Only a failed and desperate theory (cultural, social, theological, or scientific) will feel the necessity to deny the existence of the facts it cannot explain. The facts of science, consciousness, free will, paranormal events, and the human spirit are left lying about everywhere; open your eyes, explore them for yourself; they are not secrets, nor are they difficult to find once your mind is opened to the possibilities.
Let’s make a quick connection between free will and psi phenomena. Both are part of our reality because they are natural attributes of consciousness.
At the experiential level, imagine psi phenomena as a brightly colored flower enticing those who have some potential to profitably understand it, and as a prickly, scary, or ridiculous weed to most others. Anyone can experience psi phenomena or psi effects. Many can wield a shadow of its power but only those who understand it deeply can effectively use it as a springboard to significantly reduce their personal entropy and the entropy of the system of which they are a part.
Let’s get more specific by defining “psi effect” as an acausal (outside PMR causality) phenomenon that is attributable to the operations of consciousness. From this more technical definition, let’s explore a few semantic twists and turns. One could argue that free will is a psi effect because free will and psi effects are fundamental, interdependent attributes of consciousness. Similarly, describing or defining consciousness simply as “psi” can be supported from a general conceptual perspective. A free will effect is a psi effect is a consciousness effect
Consciousness is the energy system from which our reality is created. For us, consciousness is the root of all reality. What we call psi effects and free will are direct expressions of the fundamental attributes of that consciousness system and of how that system operates and evolves.
All is consciousness. Consciousness is all. Do not think of NPMR and PMR as separate places with fixed mental pathways between them: That is a sometimes convenient, but misleading concept.
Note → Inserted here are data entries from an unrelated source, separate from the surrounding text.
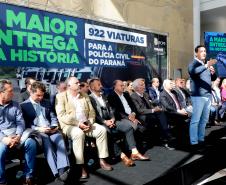 O governador Carlos Massa Ratinho Junior entregou nesta segunda-feira (5) 922 viaturas para todas as unidades da Polícia Civil do Paraná, a maior renovação de frota da história do Estado.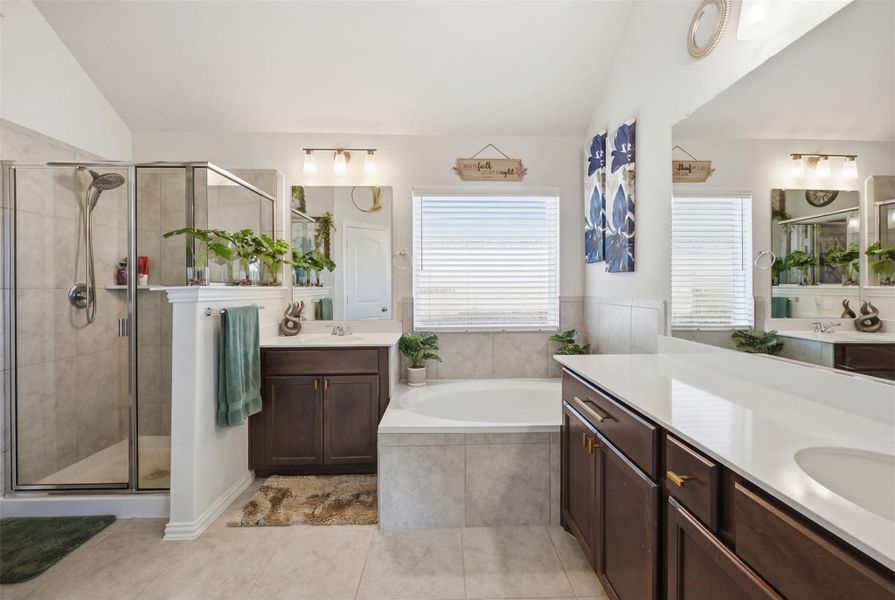 Furnished interior view inside a new home in Oakwood Estates, Waller (Image 17).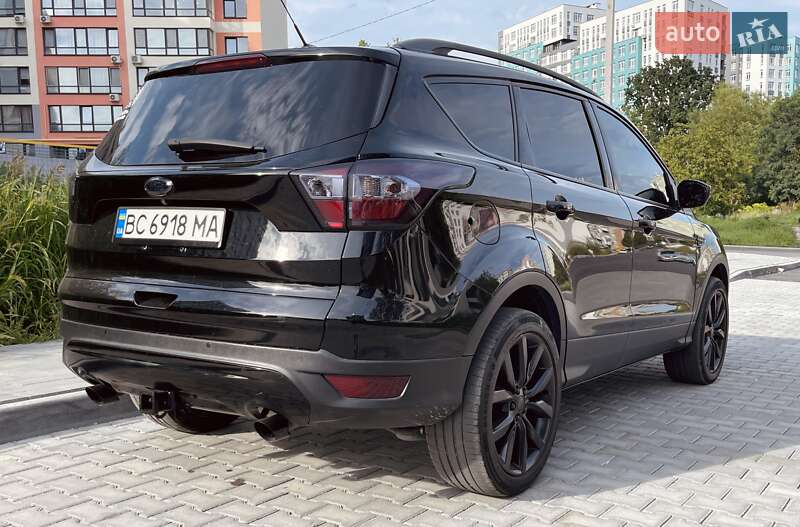 Ford-22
The psi uncertainty principle, as a part of the PMR rule-set, provides necessary structure to PMR by imposing limits. You cannot build a physical or nonphysical bridge between PMR and NPMR. The physical bridge cannot be solidly connected to NPMR, and the nonphysical bridge cannot be solidly connected to PMR. You are the bridge, which is why you cannot build one exterior to yourself. Consciousness is personal.
You are an individuated unit of consciousness hallucinating a physical reality (perceiving a virtual physical reality). As such, you can, within the limits of your quality and ability, experience and apply free will and psi effects because you are consciousness. However, you cannot make your hallucination (virtual physical reality) exceed the limits and function of its defining rule-set.
Because the experience of consciousness is essentially a personal one, the private message of My Big TOE is for you, dearest reader — yes, just for you. The real power to effect significant positive change lies not with governments or professions, nor with science and the technology it spawns. The real power behind meaningful progress and growth, at any level of aggregation or organization, is the quality of the individual consciousnesses driving the action. Raising that quality can be accomplished only by the self-directed personal evolution of each individual. Clearly, the private message of My Big TOE is offered up for your personal use and benefit. Its potential value lies not in the words, nor in the ideas, presented. The potential of its value is the possibility of positively influencing the potential of your value — a potential that is profound and beyond estimation.